8‧‧‧2nd Data Processing Department

9‧‧‧ Input Department

10‧‧‧Display Department

11‧‧‧Drive system mounting plate

Claims (4)

A surface shape measuring apparatus comprising: a mounting table for placing a member to be measured, and a surface displacement of the member to be measured in a non-contact manner at a predetermined interval in the X-axis direction of the mounting table; a plurality of gas scanners for outputting the measurement data, and in order to integrate the plurality of gas scanners, move in one direction along the Y-axis direction of the mounting table, and then move in the X-axis direction, and then The Y-axis direction, the drive control unit moving in the opposite direction for the one direction, and the gas scanner corresponding to each of the plurality of gas scanners, each having an output from the corresponding gas scanner at a specific sampling interval The first data processing unit of the CPU that averages the surface displacement data obtained by averaging the plurality of measured data, and the surface displacement data supplied to the output of the first plurality of data processing units to synthesize the surface displacement data The second data processing unit that generates the surface shape data of the member to be measured.
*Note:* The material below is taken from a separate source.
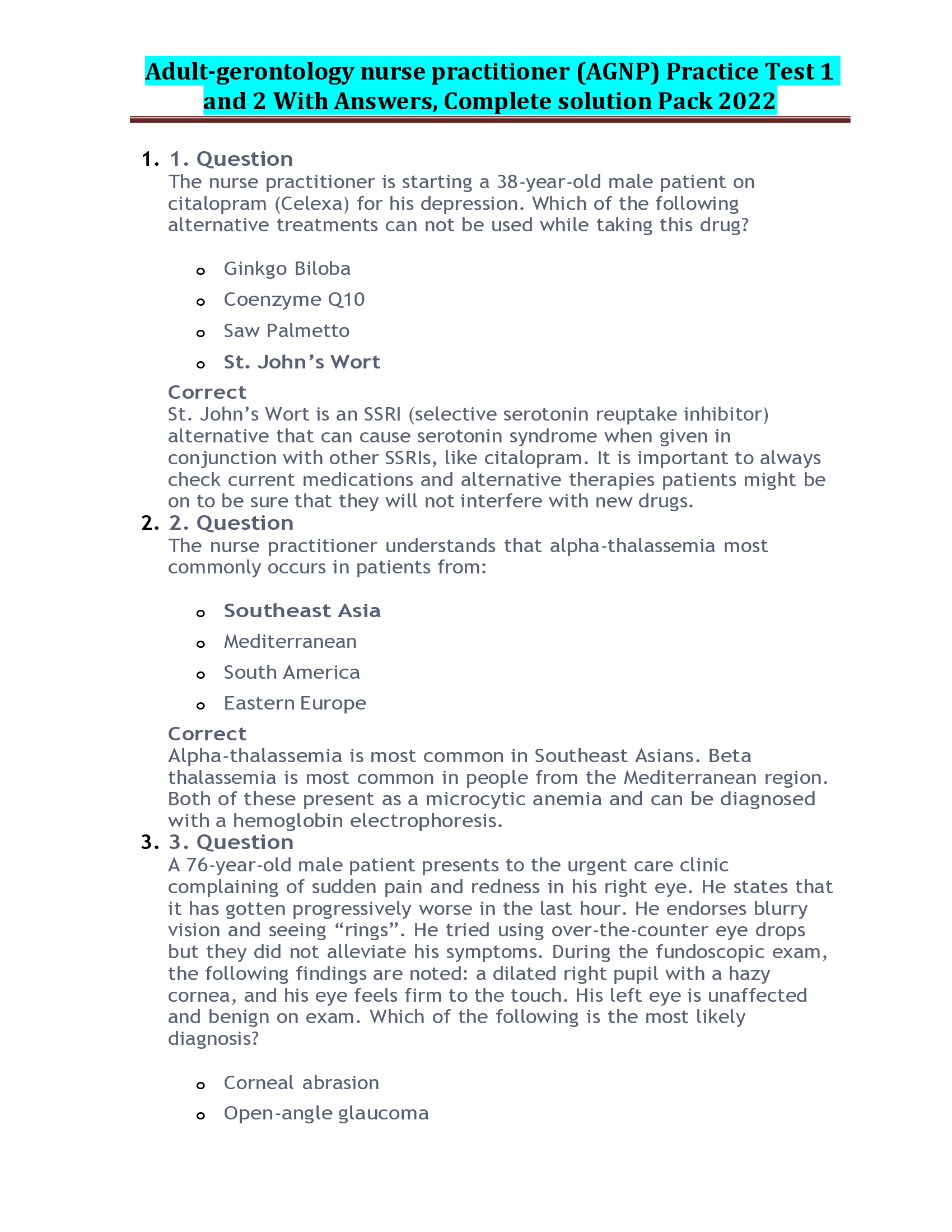 adult-gerontology nurse practitioner (AGNP) Practice Test 1 and 2 With Answers, Complete solution Pack 2022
The surface shape measuring apparatus according to the first aspect of the invention, wherein the second data processing unit combines the surface displacement data with position data indicating a measurement position of the gas scanner corresponding thereto to generate the surface shape data. The surface shape measuring apparatus according to the second aspect of the invention, further comprising a display unit that displays the surface shape data synthesized by the second data processing unit as a three-dimensional graph. The surface shape measuring device according to Item 2 or Item 3 of the patent application, wherein the sampling interval is variable.